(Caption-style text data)
____________________
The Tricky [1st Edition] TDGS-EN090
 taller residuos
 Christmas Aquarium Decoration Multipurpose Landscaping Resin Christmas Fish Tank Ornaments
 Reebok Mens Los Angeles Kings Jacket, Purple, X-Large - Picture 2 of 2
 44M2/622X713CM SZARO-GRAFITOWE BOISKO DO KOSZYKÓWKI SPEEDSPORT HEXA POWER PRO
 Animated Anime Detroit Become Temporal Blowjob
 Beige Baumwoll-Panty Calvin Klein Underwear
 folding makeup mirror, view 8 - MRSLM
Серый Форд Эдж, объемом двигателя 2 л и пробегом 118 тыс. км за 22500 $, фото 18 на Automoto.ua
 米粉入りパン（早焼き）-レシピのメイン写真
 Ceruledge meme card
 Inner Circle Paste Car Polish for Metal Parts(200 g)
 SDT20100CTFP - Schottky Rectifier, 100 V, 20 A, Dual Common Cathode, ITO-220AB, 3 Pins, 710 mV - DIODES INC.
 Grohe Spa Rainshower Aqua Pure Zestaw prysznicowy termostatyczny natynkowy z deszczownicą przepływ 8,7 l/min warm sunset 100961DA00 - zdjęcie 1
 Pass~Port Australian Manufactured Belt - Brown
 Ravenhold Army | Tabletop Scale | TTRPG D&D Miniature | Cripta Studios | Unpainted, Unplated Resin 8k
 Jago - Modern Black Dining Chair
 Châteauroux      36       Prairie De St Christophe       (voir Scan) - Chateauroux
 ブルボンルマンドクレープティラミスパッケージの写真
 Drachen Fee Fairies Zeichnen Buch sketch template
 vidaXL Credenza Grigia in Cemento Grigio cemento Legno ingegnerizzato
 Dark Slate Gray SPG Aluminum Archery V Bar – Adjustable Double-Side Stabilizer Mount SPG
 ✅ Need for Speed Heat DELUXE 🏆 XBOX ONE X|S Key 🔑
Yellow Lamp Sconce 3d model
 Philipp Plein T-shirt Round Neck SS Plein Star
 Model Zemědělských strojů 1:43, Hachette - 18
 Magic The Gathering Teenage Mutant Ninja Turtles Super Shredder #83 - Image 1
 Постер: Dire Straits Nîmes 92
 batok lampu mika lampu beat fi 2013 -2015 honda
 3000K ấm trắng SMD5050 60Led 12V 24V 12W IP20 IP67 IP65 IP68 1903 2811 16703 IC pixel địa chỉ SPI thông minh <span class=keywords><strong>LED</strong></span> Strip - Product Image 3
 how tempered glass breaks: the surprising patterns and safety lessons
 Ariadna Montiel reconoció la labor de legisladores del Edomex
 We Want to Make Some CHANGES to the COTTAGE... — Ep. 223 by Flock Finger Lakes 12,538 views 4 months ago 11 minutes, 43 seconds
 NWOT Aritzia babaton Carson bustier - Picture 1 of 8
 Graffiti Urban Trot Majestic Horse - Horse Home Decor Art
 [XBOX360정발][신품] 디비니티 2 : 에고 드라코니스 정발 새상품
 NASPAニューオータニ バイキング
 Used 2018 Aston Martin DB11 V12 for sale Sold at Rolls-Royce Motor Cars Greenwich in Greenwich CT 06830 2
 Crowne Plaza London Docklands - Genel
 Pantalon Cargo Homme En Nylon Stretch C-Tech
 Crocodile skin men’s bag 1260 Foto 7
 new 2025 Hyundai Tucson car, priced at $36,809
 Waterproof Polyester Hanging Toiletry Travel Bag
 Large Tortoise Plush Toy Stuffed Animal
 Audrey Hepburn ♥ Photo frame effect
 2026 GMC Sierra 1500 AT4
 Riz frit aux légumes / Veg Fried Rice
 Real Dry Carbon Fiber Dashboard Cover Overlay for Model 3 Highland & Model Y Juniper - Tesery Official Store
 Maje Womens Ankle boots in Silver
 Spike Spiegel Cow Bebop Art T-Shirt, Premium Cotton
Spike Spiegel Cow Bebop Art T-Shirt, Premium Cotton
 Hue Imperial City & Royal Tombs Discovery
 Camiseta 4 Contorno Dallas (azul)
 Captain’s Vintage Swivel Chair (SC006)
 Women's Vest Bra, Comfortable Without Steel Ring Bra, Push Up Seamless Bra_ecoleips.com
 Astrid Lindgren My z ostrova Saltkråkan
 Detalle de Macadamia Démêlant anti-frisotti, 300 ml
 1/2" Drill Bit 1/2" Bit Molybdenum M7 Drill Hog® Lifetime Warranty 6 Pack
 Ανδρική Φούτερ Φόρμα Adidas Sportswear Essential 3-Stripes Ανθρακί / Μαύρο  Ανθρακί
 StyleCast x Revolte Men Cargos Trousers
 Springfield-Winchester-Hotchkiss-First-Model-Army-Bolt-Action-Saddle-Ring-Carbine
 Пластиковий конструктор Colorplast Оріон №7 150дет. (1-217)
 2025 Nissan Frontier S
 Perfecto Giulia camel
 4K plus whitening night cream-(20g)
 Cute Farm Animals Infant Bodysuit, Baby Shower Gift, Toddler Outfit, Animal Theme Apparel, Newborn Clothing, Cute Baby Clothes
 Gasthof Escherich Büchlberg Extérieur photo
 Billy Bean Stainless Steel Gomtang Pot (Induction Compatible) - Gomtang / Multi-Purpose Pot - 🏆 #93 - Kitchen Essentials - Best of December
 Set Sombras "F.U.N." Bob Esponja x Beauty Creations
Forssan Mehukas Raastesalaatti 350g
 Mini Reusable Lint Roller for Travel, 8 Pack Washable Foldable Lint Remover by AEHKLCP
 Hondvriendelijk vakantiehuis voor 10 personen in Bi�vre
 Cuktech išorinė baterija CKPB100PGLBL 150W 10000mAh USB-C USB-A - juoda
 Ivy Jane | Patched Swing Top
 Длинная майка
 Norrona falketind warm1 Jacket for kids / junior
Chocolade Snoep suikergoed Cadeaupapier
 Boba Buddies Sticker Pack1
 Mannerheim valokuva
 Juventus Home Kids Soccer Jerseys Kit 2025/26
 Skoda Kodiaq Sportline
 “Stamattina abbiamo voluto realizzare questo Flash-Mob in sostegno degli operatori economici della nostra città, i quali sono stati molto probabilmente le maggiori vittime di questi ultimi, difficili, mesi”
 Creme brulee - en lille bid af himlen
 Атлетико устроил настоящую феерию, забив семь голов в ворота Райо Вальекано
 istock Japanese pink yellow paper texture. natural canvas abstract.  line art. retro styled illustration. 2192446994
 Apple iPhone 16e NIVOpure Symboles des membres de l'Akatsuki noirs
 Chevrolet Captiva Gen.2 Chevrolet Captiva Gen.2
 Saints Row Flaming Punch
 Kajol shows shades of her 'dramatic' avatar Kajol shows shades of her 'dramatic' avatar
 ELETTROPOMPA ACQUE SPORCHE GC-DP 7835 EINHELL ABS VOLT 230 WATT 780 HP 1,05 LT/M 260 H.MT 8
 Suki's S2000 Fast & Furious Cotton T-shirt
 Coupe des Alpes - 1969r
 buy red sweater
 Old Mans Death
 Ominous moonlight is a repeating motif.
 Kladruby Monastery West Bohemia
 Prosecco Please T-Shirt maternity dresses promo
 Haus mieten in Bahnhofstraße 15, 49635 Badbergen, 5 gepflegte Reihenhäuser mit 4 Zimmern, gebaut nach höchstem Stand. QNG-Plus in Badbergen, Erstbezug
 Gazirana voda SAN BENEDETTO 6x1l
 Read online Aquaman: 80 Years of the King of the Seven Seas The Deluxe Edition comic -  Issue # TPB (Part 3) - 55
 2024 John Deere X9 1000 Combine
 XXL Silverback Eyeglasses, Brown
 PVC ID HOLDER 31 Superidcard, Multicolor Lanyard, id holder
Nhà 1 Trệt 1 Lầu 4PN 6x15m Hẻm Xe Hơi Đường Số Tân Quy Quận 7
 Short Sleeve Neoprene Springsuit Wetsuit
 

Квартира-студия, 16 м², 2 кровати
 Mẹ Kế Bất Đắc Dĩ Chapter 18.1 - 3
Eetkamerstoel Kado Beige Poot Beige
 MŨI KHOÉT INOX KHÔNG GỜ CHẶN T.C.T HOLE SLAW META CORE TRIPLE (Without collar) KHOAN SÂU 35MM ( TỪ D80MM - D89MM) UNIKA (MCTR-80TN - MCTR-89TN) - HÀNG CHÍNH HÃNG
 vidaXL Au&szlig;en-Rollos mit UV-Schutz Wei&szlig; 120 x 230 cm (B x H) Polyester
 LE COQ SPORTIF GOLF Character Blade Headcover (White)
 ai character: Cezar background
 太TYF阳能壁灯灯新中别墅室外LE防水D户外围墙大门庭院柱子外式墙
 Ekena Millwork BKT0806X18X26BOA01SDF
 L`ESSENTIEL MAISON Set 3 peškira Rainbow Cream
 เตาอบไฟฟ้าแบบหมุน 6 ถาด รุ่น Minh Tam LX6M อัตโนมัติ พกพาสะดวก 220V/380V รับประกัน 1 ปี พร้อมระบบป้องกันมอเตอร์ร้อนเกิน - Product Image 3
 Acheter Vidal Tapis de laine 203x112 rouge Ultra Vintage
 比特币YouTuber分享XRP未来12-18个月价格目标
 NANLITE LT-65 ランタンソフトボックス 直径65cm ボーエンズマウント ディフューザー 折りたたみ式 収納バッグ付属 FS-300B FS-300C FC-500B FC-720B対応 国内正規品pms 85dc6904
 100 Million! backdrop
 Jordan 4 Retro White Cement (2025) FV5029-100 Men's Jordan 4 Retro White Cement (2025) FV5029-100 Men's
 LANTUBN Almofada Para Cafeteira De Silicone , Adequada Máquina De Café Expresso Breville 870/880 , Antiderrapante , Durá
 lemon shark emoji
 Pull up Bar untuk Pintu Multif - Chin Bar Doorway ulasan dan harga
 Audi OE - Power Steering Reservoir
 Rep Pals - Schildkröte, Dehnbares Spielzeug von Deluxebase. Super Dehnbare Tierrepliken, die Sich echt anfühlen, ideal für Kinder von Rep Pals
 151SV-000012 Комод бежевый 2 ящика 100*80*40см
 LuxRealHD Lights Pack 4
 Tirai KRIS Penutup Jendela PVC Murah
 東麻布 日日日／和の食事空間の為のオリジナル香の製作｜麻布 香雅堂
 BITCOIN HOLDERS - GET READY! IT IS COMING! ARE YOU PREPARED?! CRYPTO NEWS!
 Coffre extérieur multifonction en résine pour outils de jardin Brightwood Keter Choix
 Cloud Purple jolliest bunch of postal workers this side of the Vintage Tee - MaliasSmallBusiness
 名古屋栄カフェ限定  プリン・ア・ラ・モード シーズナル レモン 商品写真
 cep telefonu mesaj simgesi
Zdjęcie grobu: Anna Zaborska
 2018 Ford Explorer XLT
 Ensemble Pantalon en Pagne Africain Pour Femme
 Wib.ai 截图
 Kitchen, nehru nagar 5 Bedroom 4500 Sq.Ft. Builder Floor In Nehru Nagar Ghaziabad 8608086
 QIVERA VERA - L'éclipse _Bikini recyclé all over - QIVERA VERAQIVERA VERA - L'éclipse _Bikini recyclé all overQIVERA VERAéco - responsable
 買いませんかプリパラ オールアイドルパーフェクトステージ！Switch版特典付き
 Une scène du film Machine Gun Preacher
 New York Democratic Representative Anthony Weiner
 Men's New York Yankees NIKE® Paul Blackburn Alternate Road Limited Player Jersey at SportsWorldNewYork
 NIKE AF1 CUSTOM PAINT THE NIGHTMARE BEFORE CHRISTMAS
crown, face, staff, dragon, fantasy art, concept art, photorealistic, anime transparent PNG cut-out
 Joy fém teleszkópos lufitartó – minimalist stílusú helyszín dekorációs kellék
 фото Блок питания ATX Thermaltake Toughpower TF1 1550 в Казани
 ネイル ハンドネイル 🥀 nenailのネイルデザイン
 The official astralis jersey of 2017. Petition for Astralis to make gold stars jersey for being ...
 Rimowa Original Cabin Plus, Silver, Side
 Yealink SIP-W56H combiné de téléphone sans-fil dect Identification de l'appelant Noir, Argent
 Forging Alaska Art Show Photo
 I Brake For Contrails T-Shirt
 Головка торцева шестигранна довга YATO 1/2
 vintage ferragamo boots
____________________
→ Task instructions:
Could you return exactly the stretch of the data above that starts at the line with "Постер: Dire Straits Nîmes 92" and ends at the line with "Warranty 6 Pack", both lines included?

→ Answer to this exercise:
 Постер: Dire Straits Nîmes 92
 batok lampu mika lampu beat fi 2013 -2015 honda
 3000K ấm trắng SMD5050 60Led 12V 24V 12W IP20 IP67 IP65 IP68 1903 2811 16703 IC pixel địa chỉ SPI thông minh <span class=keywords><strong>LED</strong></span> Strip - Product Image 3
 how tempered glass breaks: the surprising patterns and safety lessons
 Ariadna Montiel reconoció la labor de legisladores del Edomex
 We Want to Make Some CHANGES to the COTTAGE... — Ep. 223 by Flock Finger Lakes 12,538 views 4 months ago 11 minutes, 43 seconds
 NWOT Aritzia babaton Carson bustier - Picture 1 of 8
 Graffiti Urban Trot Majestic Horse - Horse Home Decor Art
 [XBOX360정발][신품] 디비니티 2 : 에고 드라코니스 정발 새상품
 NASPAニューオータニ バイキング
 Used 2018 Aston Martin DB11 V12 for sale Sold at Rolls-Royce Motor Cars Greenwich in Greenwich CT 06830 2
 Crowne Plaza London Docklands - Genel
 Pantalon Cargo Homme En Nylon Stretch C-Tech
 Crocodile skin men’s bag 1260 Foto 7
 new 2025 Hyundai Tucson car, priced at $36,809
 Waterproof Polyester Hanging Toiletry Travel Bag
 Large Tortoise Plush Toy Stuffed Animal
 Audrey Hepburn ♥ Photo frame effect
 2026 GMC Sierra 1500 AT4
 Riz frit aux légumes / Veg Fried Rice
 Real Dry Carbon Fiber Dashboard Cover Overlay for Model 3 Highland & Model Y Juniper - Tesery Official Store
 Maje Womens Ankle boots in Silver
 Spike Spiegel Cow Bebop Art T-Shirt, Premium Cotton
Spike Spiegel Cow Bebop Art T-Shirt, Premium Cotton
 Hue Imperial City & Royal Tombs Discovery
 Camiseta 4 Contorno Dallas (azul)
 Captain’s Vintage Swivel Chair (SC006)
 Women's Vest Bra, Comfortable Without Steel Ring Bra, Push Up Seamless Bra_ecoleips.com
 Astrid Lindgren My z ostrova Saltkråkan
 Detalle de Macadamia Démêlant anti-frisotti, 300 ml
 1/2" Drill Bit 1/2" Bit Molybdenum M7 Drill Hog® Lifetime Warranty 6 Pack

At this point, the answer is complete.